Many BIPOC folks will teach us, the system is not broken, it is working exactly as it is designed (Just Us - Leonard Sumner). The town of Salida has been co-opted (interestingly enough pronounced Sa LIE duh, not the linguistically accurate pronunciation Sa LEE duh). Racial equity is a LIE here. Those folks who choose and cheer for the white guy representing the status quo to replace the Chicano guy representing restoration and healing, equity and inclusion, are simply choosing the racist and inequitable status quo for all our community's children. They are choosing to support the continuation of yet another Colorado Sundown Town.

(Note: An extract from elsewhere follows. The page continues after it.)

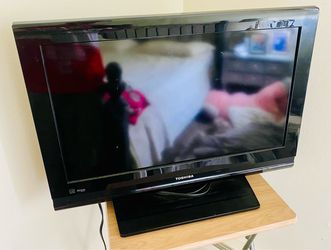 Toshiba 25” LCD TV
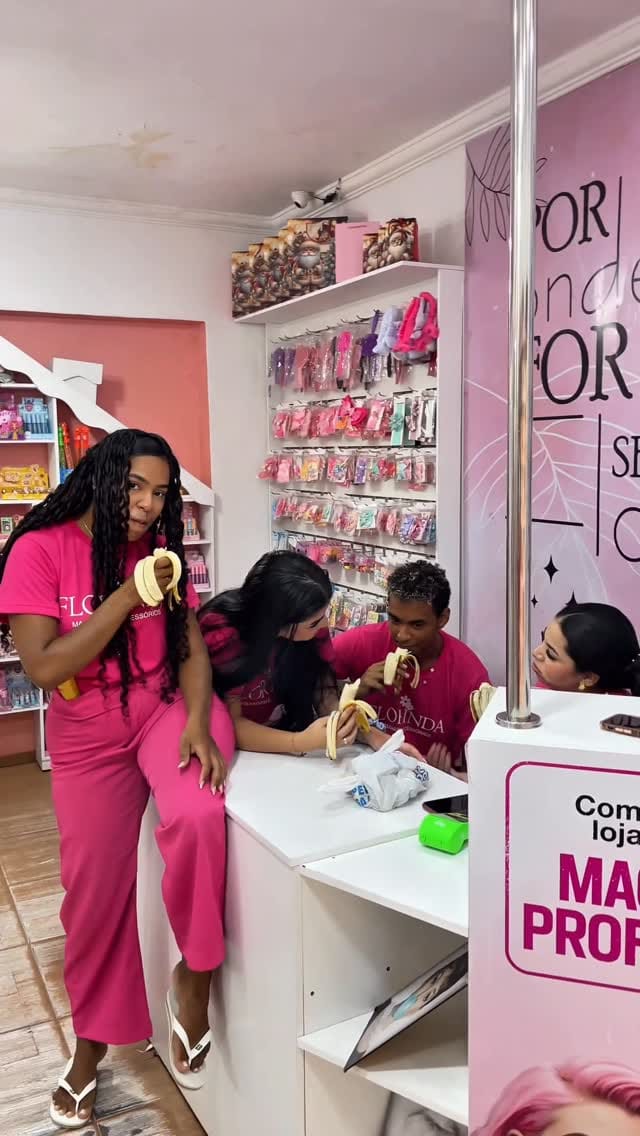 Post 3 by Florinda Make e Acessórios | Sousa-PB on Instagram (video)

We must find the internal fortitude that supports and implements what is needed to promote antiracist and anti-oppressive policies and practices in our local laws, law enforcement, city administration, leaders, and education system. It is beyond time for the sun to shine brightly on this and all sundown towns across Colorado - and North America as a whole.
I know there are many like-minded people in my sundown community. I know this because throughout this ordeal my husband has been approached on the street, in the store, and while walking on this land by total strangers with words of encouragement like: “I don’t know you, but I know who you are. I wish I could be on your jury. You did the right thing” and “I wish every educator would act as you did that day to help my child if my child were in need” and much more. I know this because not once since September 23, 2021 has my husband been approached in the spirit of harassment and abuse by anyone except (unfortunately and unsurprisingly) some of our local law enforcement and their family members.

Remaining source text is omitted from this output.